Never ever ever ever ever ever kick your foot out!
That is a really bad habit you don't want.
Beginner turns are all done in the upper body
Your legs really aren't doing any of the work, your legs are bend with a little more pressure on your front foot.
To turn, you LOOK in the direction you want to go, and point your front hand in that direction.
It might sound easy, but its a lot harder than you think.


----------



## arsenic0 (Nov 11, 2008)

Theres plenty of Videos posted here Snowolf made that give you good tips.

Dont be kicking your legs around, its horrible form, will get you hurt and you will tire very quickly.

Squat down and stick your ass out to get on your heel edge...push your shins into your boots(forcing you to bend your knee's and push your hips out) to go toe side...sounds easy but its not...thats why you just keep practicing! 

Also a possibility is that your board is too big if you are trying to throw it around with your feet, a lot of people do this ive seen..if you have what size it is and your height/weight that'd help.


----------



## dharmashred (Apr 16, 2009)

Mere said:


> Beginner turns are all done in the upper body
> Your legs really aren't doing any of the work, your legs are bend with a little more pressure on your front foot.
> To turn, you LOOK in the direction you want to go, and point your front hand in that direction.

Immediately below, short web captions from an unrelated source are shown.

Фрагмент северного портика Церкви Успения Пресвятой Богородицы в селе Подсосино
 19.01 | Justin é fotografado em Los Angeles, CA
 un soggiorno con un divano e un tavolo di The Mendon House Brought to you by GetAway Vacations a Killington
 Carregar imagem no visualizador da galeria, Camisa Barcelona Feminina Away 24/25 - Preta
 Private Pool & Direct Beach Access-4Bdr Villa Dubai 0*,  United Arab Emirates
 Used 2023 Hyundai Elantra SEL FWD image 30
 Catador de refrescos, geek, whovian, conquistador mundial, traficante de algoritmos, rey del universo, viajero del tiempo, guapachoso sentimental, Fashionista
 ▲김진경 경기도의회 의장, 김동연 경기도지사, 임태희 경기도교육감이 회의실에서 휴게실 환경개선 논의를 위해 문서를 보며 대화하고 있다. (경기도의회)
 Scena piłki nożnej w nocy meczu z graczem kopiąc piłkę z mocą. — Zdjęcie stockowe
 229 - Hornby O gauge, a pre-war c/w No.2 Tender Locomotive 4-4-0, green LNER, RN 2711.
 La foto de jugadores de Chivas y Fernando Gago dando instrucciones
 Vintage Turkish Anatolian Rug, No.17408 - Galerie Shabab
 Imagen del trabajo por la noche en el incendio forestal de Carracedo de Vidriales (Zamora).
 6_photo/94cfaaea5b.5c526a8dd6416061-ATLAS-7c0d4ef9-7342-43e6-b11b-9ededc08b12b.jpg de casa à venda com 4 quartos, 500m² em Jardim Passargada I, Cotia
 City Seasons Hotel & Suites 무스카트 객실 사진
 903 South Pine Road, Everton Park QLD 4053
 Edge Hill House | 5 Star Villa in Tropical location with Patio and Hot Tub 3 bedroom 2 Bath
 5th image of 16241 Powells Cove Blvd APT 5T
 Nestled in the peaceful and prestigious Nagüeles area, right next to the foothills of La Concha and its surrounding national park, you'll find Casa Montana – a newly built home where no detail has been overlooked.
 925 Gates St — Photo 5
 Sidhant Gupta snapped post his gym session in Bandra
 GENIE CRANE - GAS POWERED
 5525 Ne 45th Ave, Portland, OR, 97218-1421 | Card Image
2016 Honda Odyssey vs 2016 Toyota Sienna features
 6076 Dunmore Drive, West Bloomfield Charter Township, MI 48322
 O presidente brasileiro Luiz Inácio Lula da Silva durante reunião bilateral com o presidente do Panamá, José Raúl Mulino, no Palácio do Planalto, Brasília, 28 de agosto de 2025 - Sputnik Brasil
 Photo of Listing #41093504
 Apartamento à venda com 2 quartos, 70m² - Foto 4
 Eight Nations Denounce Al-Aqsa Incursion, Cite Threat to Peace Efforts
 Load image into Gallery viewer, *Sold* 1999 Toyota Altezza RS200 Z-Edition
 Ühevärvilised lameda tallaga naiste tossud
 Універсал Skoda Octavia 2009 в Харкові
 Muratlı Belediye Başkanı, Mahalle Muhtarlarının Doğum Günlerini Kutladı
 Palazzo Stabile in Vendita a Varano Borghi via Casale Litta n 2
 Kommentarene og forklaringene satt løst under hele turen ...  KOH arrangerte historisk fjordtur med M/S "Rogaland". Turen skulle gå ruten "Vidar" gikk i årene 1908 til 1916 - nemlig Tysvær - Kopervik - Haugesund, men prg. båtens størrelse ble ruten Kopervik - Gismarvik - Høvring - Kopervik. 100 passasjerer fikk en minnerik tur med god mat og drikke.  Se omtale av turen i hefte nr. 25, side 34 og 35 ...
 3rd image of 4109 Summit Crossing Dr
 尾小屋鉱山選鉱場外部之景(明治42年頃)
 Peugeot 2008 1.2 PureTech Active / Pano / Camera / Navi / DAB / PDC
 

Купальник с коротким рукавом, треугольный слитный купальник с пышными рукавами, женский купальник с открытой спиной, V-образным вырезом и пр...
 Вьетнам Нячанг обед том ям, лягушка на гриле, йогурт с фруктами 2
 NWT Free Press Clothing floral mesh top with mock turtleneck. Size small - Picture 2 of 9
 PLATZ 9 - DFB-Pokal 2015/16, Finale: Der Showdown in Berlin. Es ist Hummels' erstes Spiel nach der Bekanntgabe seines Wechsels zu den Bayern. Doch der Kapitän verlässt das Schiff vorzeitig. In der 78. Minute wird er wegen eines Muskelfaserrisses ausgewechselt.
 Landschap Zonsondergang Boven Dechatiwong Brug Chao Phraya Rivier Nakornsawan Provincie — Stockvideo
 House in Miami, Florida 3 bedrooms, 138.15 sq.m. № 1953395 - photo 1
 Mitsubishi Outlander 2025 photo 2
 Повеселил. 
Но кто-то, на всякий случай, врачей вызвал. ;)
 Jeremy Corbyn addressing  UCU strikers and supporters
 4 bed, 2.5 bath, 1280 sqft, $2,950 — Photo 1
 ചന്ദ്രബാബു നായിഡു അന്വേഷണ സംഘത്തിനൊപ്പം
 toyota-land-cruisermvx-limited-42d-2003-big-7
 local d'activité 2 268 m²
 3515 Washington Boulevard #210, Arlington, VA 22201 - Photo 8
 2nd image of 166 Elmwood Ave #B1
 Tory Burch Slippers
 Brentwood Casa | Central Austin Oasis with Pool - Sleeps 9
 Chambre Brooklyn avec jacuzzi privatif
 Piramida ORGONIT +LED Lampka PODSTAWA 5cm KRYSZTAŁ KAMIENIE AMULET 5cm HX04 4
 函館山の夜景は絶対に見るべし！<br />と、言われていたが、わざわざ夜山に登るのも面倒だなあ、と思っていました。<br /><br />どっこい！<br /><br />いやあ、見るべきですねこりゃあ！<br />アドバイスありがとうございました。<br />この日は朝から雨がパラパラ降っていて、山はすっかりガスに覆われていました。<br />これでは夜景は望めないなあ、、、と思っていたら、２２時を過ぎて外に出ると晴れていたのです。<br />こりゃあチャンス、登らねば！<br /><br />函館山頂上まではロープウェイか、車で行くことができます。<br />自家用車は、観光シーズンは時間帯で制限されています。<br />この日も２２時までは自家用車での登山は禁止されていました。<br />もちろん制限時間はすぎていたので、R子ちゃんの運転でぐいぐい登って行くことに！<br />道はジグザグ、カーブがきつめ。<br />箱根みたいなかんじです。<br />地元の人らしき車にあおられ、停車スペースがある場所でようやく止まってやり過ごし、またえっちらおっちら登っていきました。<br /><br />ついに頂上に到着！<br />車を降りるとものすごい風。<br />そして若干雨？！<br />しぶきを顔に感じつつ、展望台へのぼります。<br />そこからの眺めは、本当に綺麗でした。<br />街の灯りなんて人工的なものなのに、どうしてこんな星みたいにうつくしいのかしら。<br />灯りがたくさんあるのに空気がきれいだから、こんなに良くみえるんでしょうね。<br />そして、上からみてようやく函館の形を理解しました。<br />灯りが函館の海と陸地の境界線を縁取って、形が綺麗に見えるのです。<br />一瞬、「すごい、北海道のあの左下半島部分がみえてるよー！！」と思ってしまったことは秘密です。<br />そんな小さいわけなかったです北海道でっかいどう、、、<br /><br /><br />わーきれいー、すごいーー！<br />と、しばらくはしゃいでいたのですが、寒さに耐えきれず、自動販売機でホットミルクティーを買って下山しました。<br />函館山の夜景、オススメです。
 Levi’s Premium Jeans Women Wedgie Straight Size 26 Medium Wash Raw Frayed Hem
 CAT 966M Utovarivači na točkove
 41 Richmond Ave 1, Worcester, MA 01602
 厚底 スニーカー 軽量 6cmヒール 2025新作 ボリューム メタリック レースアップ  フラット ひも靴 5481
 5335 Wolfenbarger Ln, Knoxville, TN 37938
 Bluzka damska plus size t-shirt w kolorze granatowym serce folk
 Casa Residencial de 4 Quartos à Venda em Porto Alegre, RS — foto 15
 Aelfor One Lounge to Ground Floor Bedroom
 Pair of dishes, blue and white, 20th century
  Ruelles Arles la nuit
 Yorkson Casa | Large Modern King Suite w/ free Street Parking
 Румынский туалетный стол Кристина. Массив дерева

Not necessarily correct. And this sounds a lot like the "shoulder method". If anyone tells you to turn with your shoulder...run...run _fast_... It took me a while to correct myself from this completely incorrect method of basic linked turns. No upper body! With basic linked turns (beginner turns) you'll want your body to stay parallel with the board. You really don't want to start twisting your upper body around at this point, that can lead to a nasty edge catch. Also, the 'turning your head' is not really a guideline. In some instances, it helps because your body will naturally go in the direction you are looking, but don't depend on this because it may or may not work for you. That said,

To engage your turn, arsenic's points are all helpful. As you are riding, check your body position, you want to have your shoulders parallel with the board and your front hip slightly forward. When you are ready to engage your turn, it starts with your ankle. You want to push your foot up (in either direction depending on your edge) using your front ankle to engage the turn. At this point, your rear foot is merely following, a split second after you have applied the pressure to your front foot and have begun to engage the turn, allow your rear foot to simply follow to complete the turn. Don't rush it, because without the proper speed or engaging at the right part of the turn, you can easily catch an edge. Something that helped me was to take a step back to basics. Try riding your board on a gentle green or blue (if you're comfortable) run, ride flat and gain just enough speed before you start to sketch out and feel nervous, and then engage your front foot and ankle and make a J-turn, then bring yourself to a stop. This will help you to be comfortable with not only the speed, but the right moment to begin the turn, and you'll also know that you are capable of pulling the brakes when necessary. You'll probably find you can wait just a little bit longer for the turn and it will feel much more fluid. The key to turns is to _waaaait for it_. They come when it's right and you eat shit when you force em! Just keep practicing, I know it's frustrating. Watch Snowolf's vids and SnowProRick's vids, they are beyond helpful. 
beyond superb, super helpful technical information. http://www.snowboardingforum.com/tips-tricks-instructors/20624-struggling-toeside-turns.html Do some searches for other posts and most specifically, Snowolf's comments on them. They are precise, right on and you can apply them easily. If you are able to, a lesson will invaluable to you right now!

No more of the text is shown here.